(Stored records)
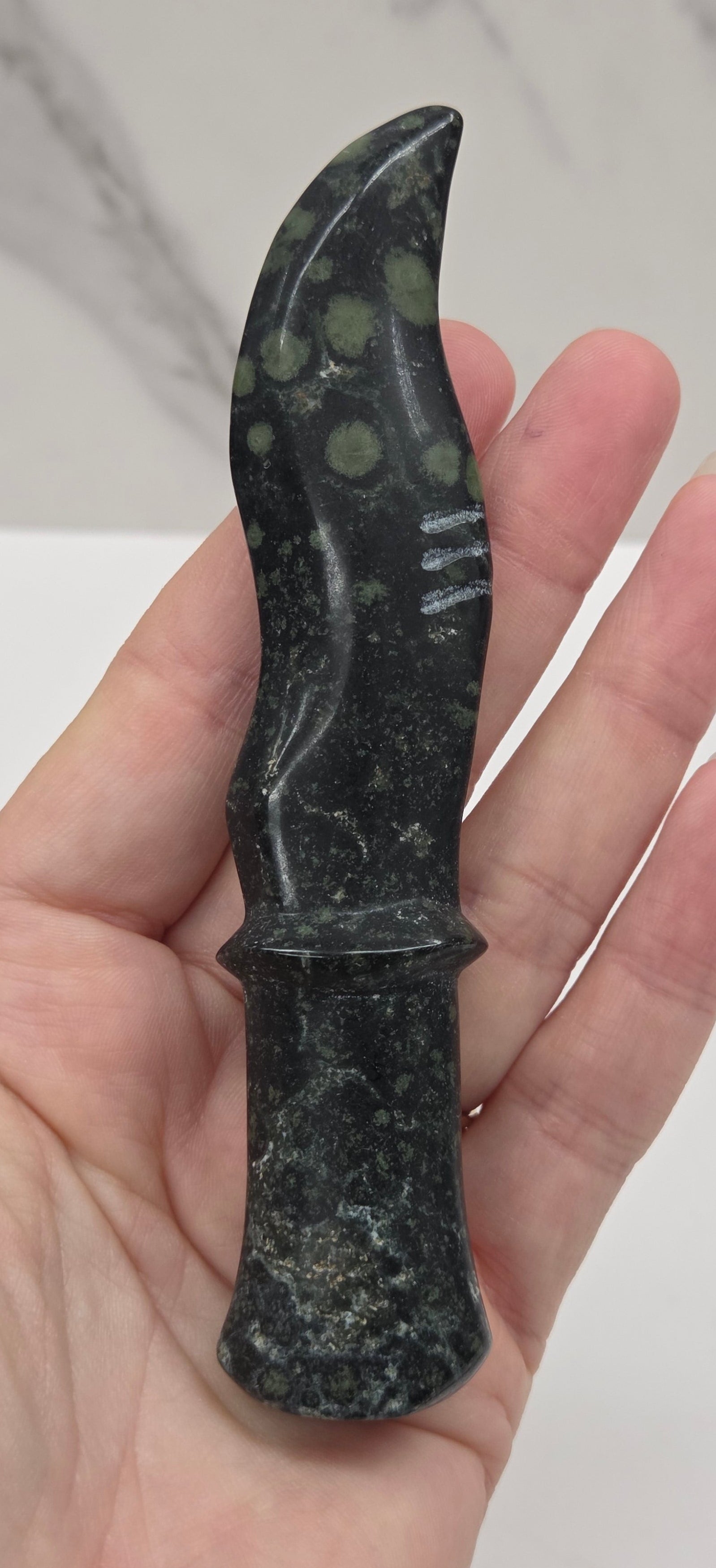 A hand holding a small polished black stone knife with green and white marbled inclusions, set against a light gray marble tile background.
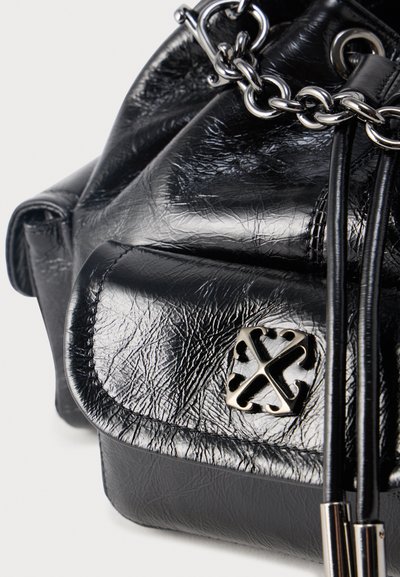 Μαύρη τσάντα χειρός από δερμάτινη υφή με αλυσίδα ασημί λουρί, διακοσμητικό μεταλλικό έμβλημα και κλείσιμο με κορδόνι και μεταλλικά άκρα.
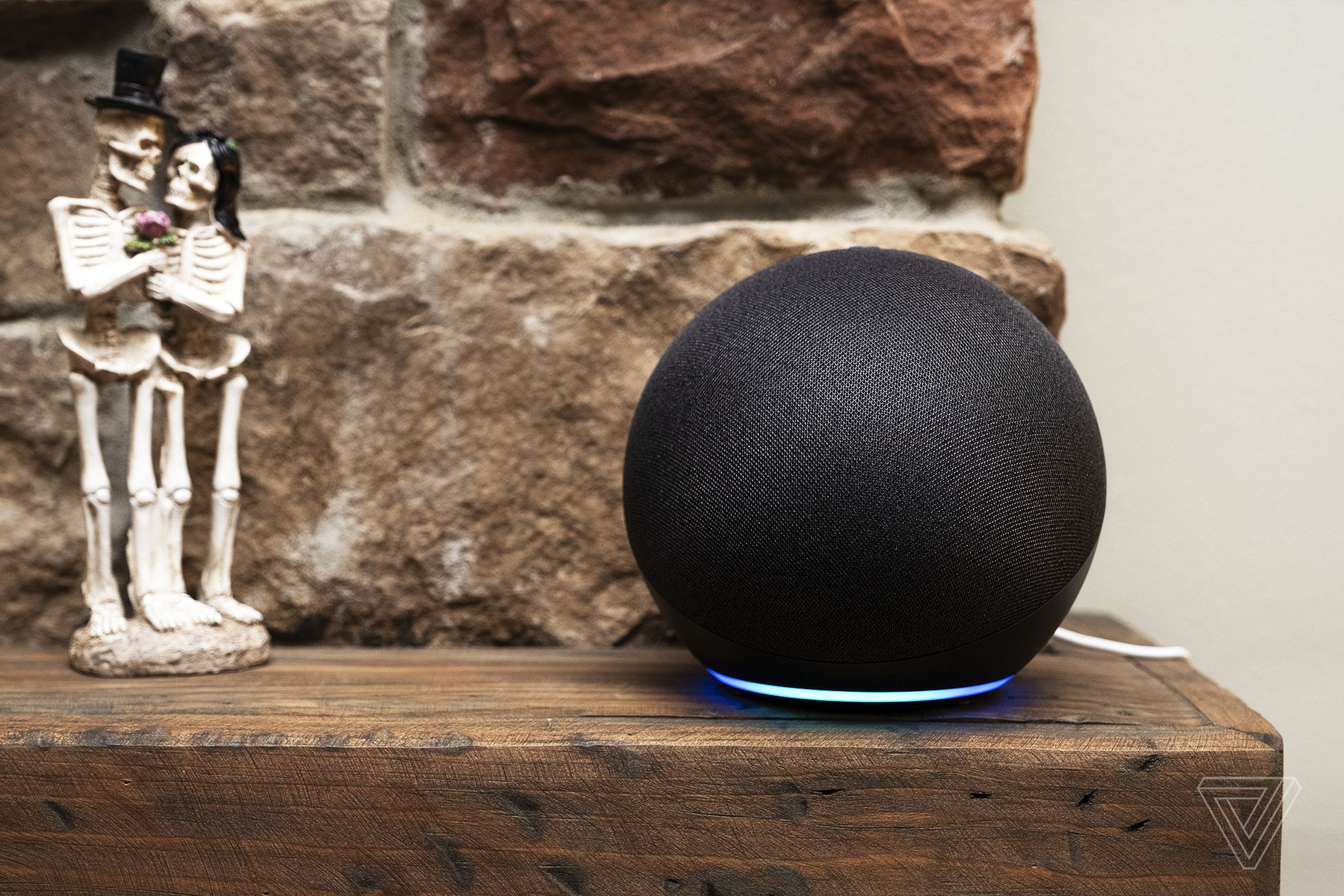 An Echo smart speaker on a mantlepiece with a skeleton couple.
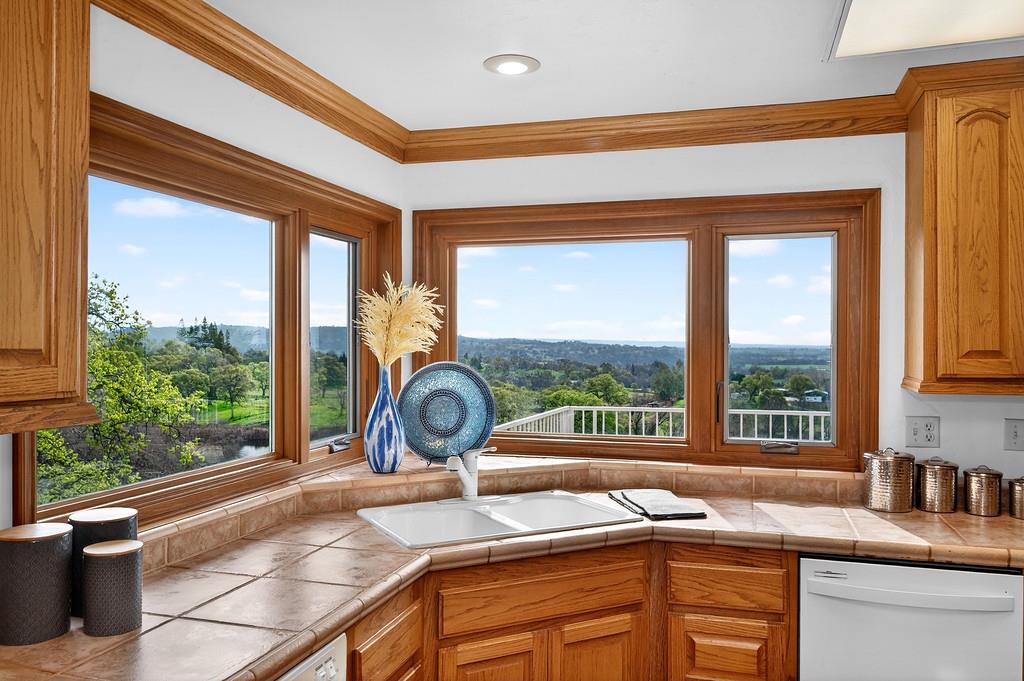 7730 McCourtney Road Lincoln, CA 95648 - Photo 27 of 99 a kitchen with a sink and a large window
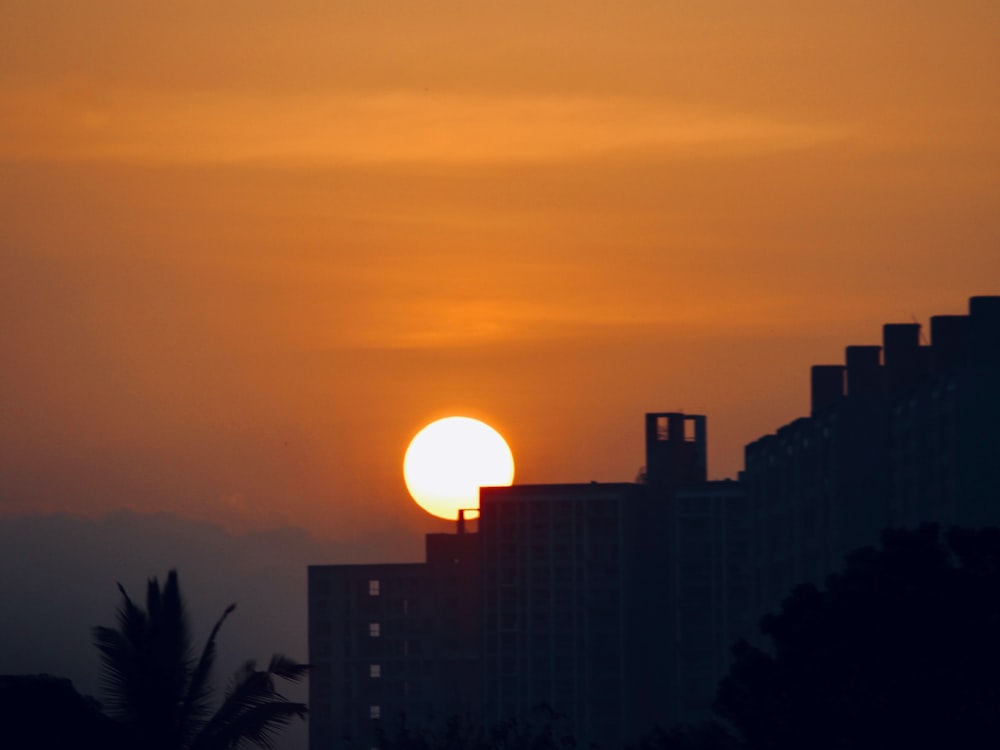 silhouette of building during sunset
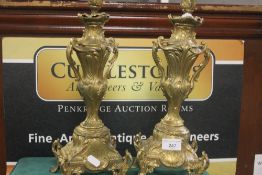 A PAIR OF CONTINENTAL STYLE GILT METAL CANDLE STICKS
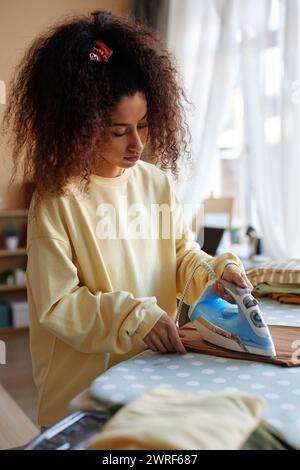 Vertikales Porträt einer jungen Frau mit flippiger Lockenhaarbügelkleidung zu Hause und bei der Arbeit im Kopierraum Stockfoto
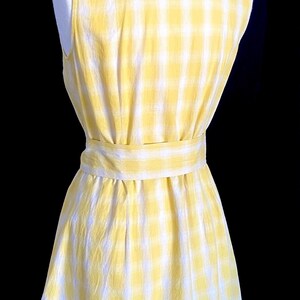 K&ouml;nnte beinhalten: Ein &auml;rmelloses gelbes und wei&szlig;es Gingham-Kleid mit einem Bindeg&uuml;rtel.
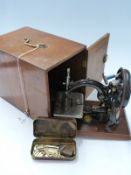 Cased Willcox & Gibbs sewing machine and accessories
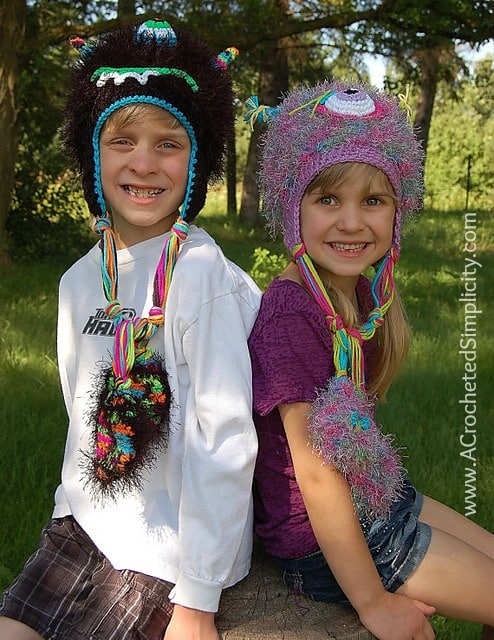 Boy and girl modeling crochet monster hats outdoors.
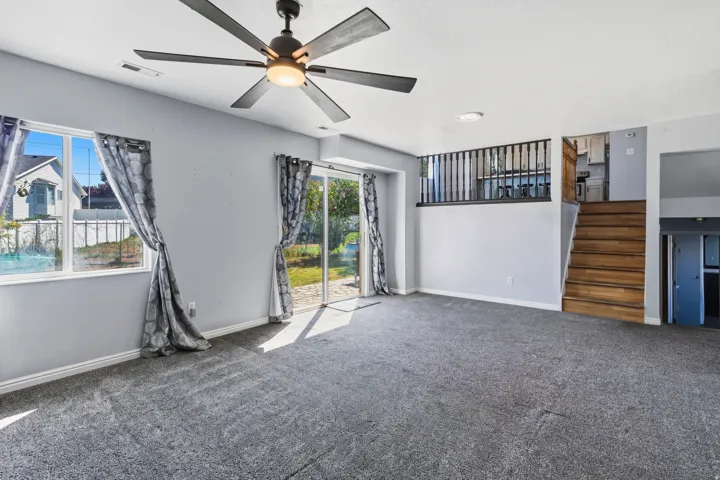 Recessed lighting, ceiling fan, and carpeted flooring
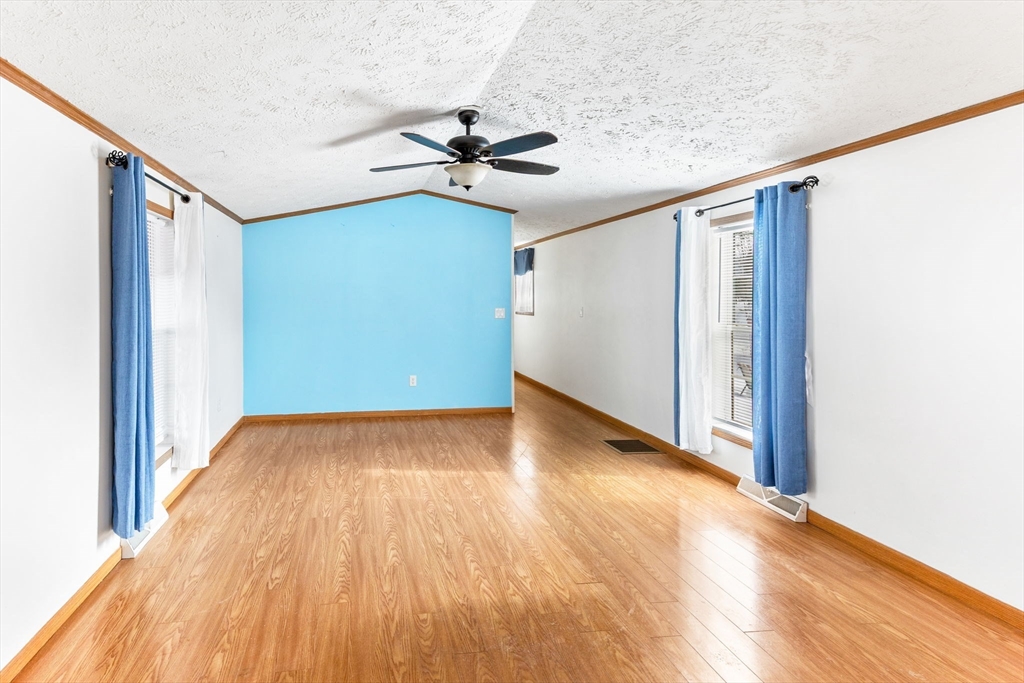 51 Tucker Terrace Raynham, MA 02767 - Photo 20 of 35 a view of a big room with wooden floor staircase and windows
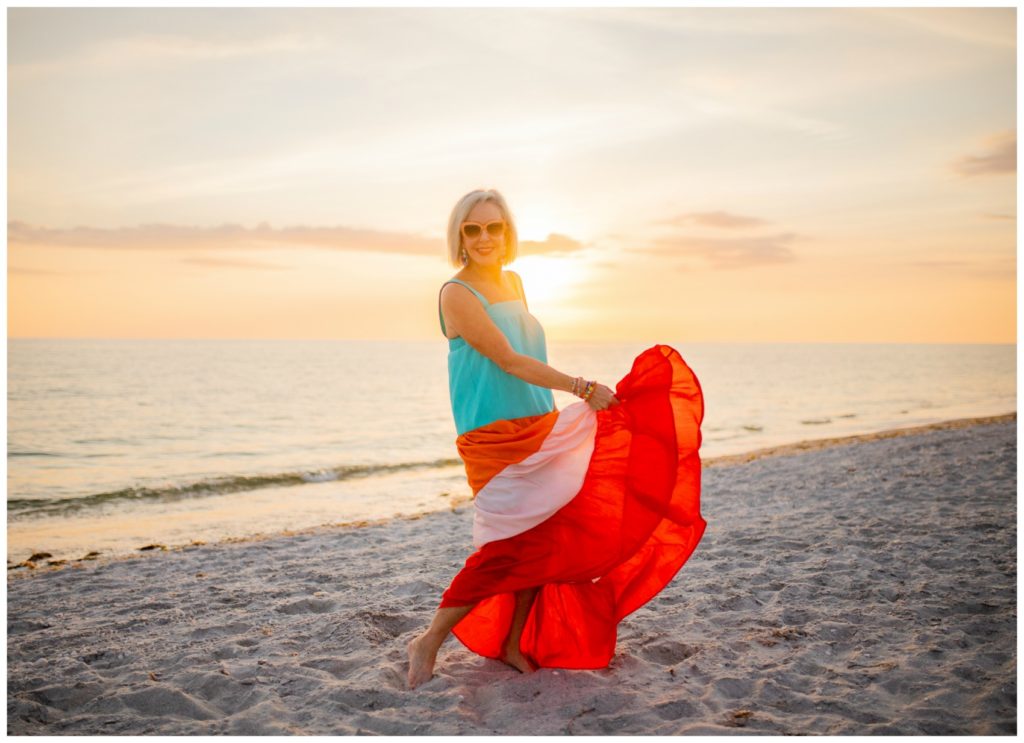 Sheree Frede of the SheShe Show on the beach at sunset wearing a orange and turquoise maxi dress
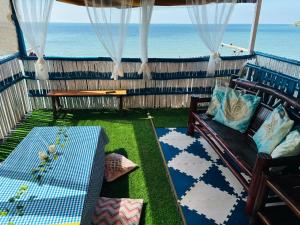 a balcony with a view of the ocean at HiGhLanDer SeAsuN in San Fernando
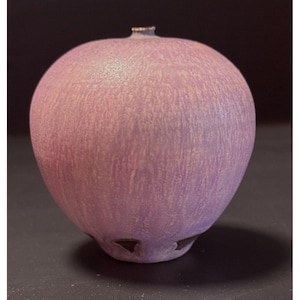 May include: A round, lavender-colored ceramic vase with a textured surface. The vase has a small opening at the top and three triangular cutouts at the base. The color is a blend of purple and beige.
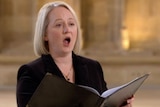 A blond woman holds a hymn book while singing in a church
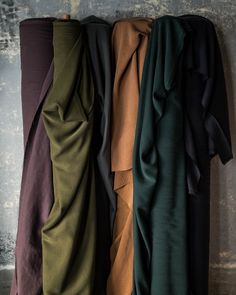 four different colors of clothing hanging on a wall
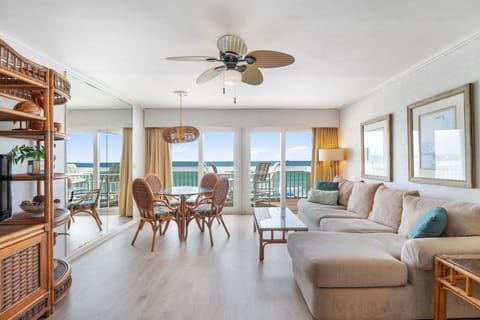 Relax in your spacious oceanfront living room where coastal breezes flow through sliding doors to your private balcony overlooking endless turquoise waters.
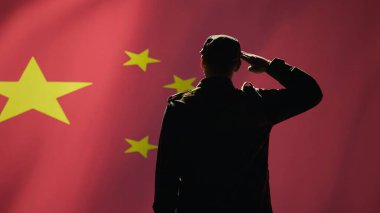 Member of chinese army doing saluting hand gesture towards China flag in command center, showing respect. Military unit in uniform serving Chinese Communist Party, doing honoring gesturing, camera B clipart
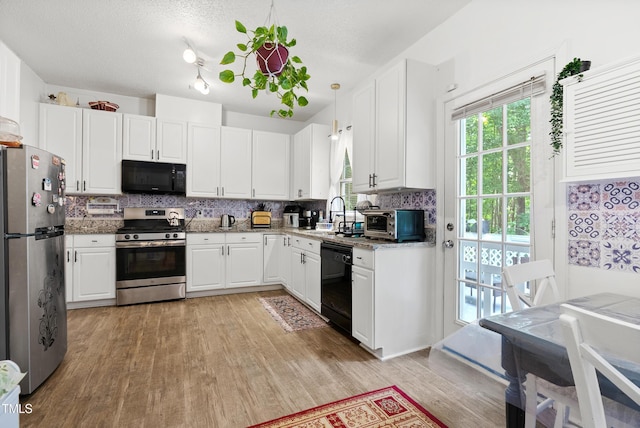 4705 Royal Troon Dr, Raleigh, NC 27604 - kitchen with black appliances, light wood-style floors, backsplash, white cabinets, and a sink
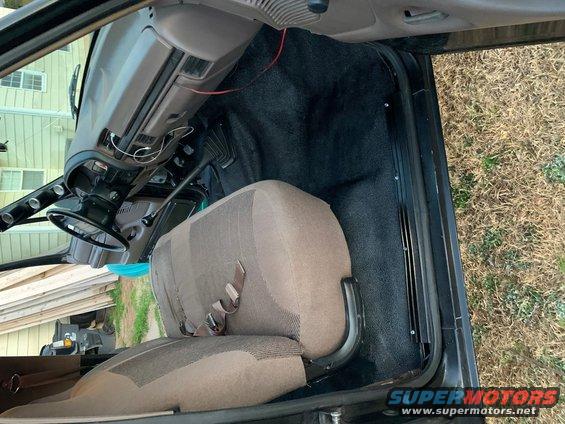 Interior of a 1996 Ford Bronco showing the driver's seat and dashboard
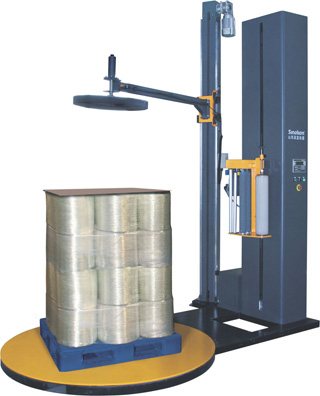 Top sheet pallet stretch wrapping machine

◆ **Your goal**: Every line of the records above must reappear exactly, though the pictures must not.

◆ **Task solution**:
 A hand holding a small polished black stone knife with green and white marbled inclusions, set against a light gray marble tile background.
 Μαύρη τσάντα χειρός από δερμάτινη υφή με αλυσίδα ασημί λουρί, διακοσμητικό μεταλλικό έμβλημα και κλείσιμο με κορδόνι και μεταλλικά άκρα.
 An Echo smart speaker on a mantlepiece with a skeleton couple.
 7730 McCourtney Road Lincoln, CA 95648 - Photo 27 of 99 a kitchen with a sink and a large window
 silhouette of building during sunset
 A PAIR OF CONTINENTAL STYLE GILT METAL CANDLE STICKS
 Vertikales Porträt einer jungen Frau mit flippiger Lockenhaarbügelkleidung zu Hause und bei der Arbeit im Kopierraum Stockfoto
 K&ouml;nnte beinhalten: Ein &auml;rmelloses gelbes und wei&szlig;es Gingham-Kleid mit einem Bindeg&uuml;rtel.
 Cased Willcox & Gibbs sewing machine and accessories
 Boy and girl modeling crochet monster hats outdoors.
 Recessed lighting, ceiling fan, and carpeted flooring
 51 Tucker Terrace Raynham, MA 02767 - Photo 20 of 35 a view of a big room with wooden floor staircase and windows
 Sheree Frede of the SheShe Show on the beach at sunset wearing a orange and turquoise maxi dress
 a balcony with a view of the ocean at HiGhLanDer SeAsuN in San Fernando
 May include: A round, lavender-colored ceramic vase with a textured surface. The vase has a small opening at the top and three triangular cutouts at the base. The color is a blend of purple and beige.
 A blond woman holds a hymn book while singing in a church
 four different colors of clothing hanging on a wall
 Relax in your spacious oceanfront living room where coastal breezes flow through sliding doors to your private balcony overlooking endless turquoise waters.
 Member of chinese army doing saluting hand gesture towards China flag in command center, showing respect. Military unit in uniform serving Chinese Communist Party, doing honoring gesturing, camera B clipart
 4705 Royal Troon Dr, Raleigh, NC 27604 - kitchen with black appliances, light wood-style floors, backsplash, white cabinets, and a sink
 Interior of a 1996 Ford Bronco showing the driver's seat and dashboard
 Top sheet pallet stretch wrapping machine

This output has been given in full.